*** EXERCISE DATA ***
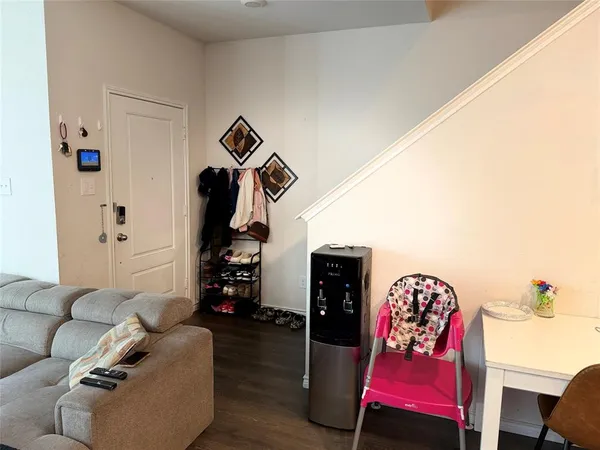 $2,300 | 2001 Juniper Pass Way, Mesquite, TX 75149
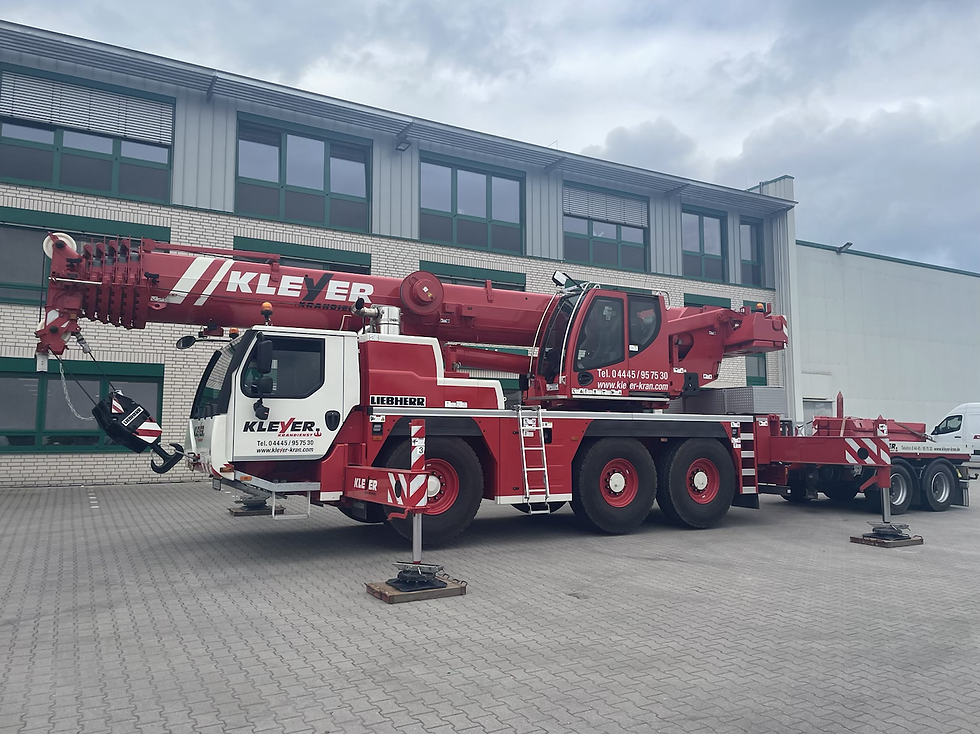 Krane, Kranvermietung, Kranverleih, Arbeitsbühnen, Stapler, Teleskoplader, Baustraßen, Bauzäune, Diepholz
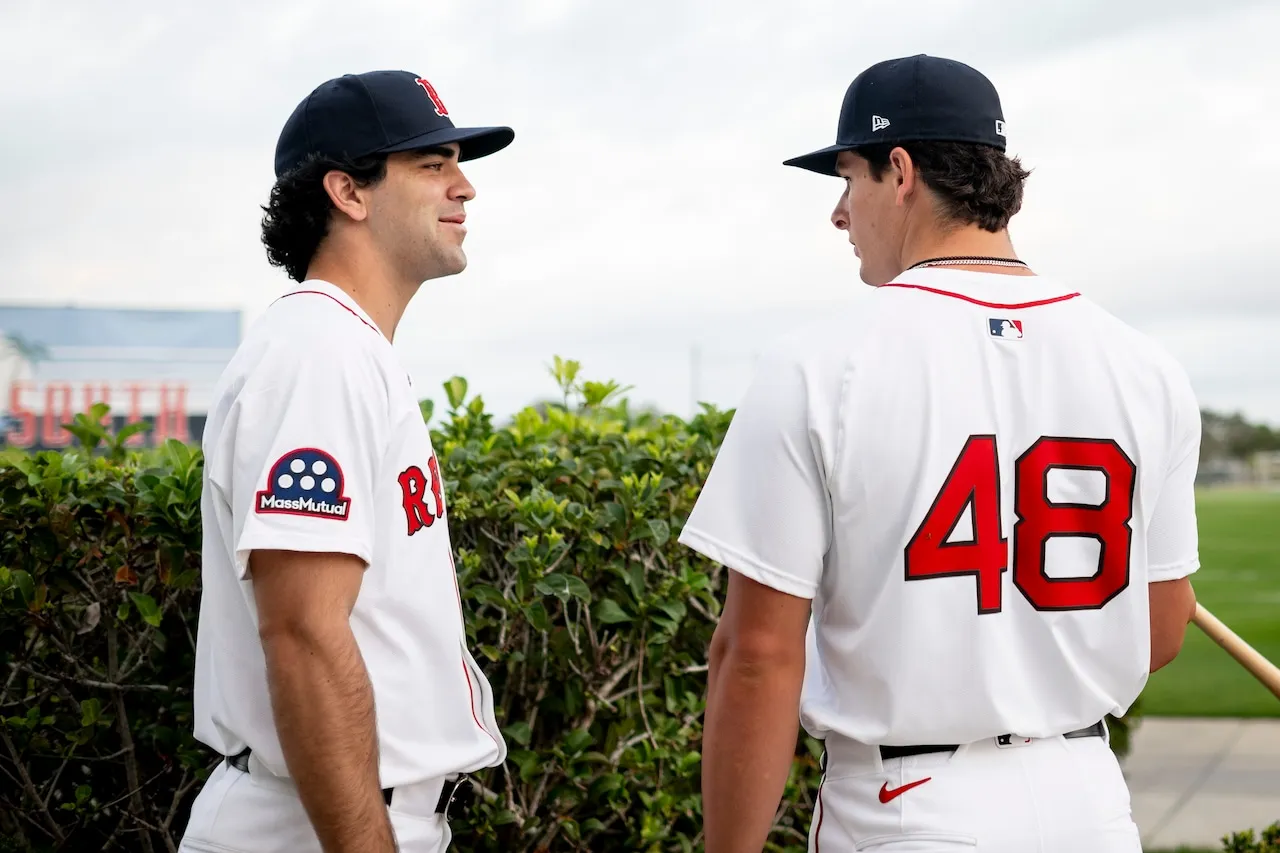 Red Sox khawatir penolakan Rafael Devers untuk mengubah posisi akan mengirim pesan yang salah tentang budaya tim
*** End of EXERCISE DATA ***
**YOUR ASSIGNMENT**: From the line that contains "Baustraßen, Bauzäune, Diepholz" through the last line of the listing, copy each line exactly; both end lines stay in, and pictures stay out.

**RESPONSE TO THIS TASK**:
 Krane, Kranvermietung, Kranverleih, Arbeitsbühnen, Stapler, Teleskoplader, Baustraßen, Bauzäune, Diepholz
 Red Sox khawatir penolakan Rafael Devers untuk mengubah posisi akan mengirim pesan yang salah tentang budaya tim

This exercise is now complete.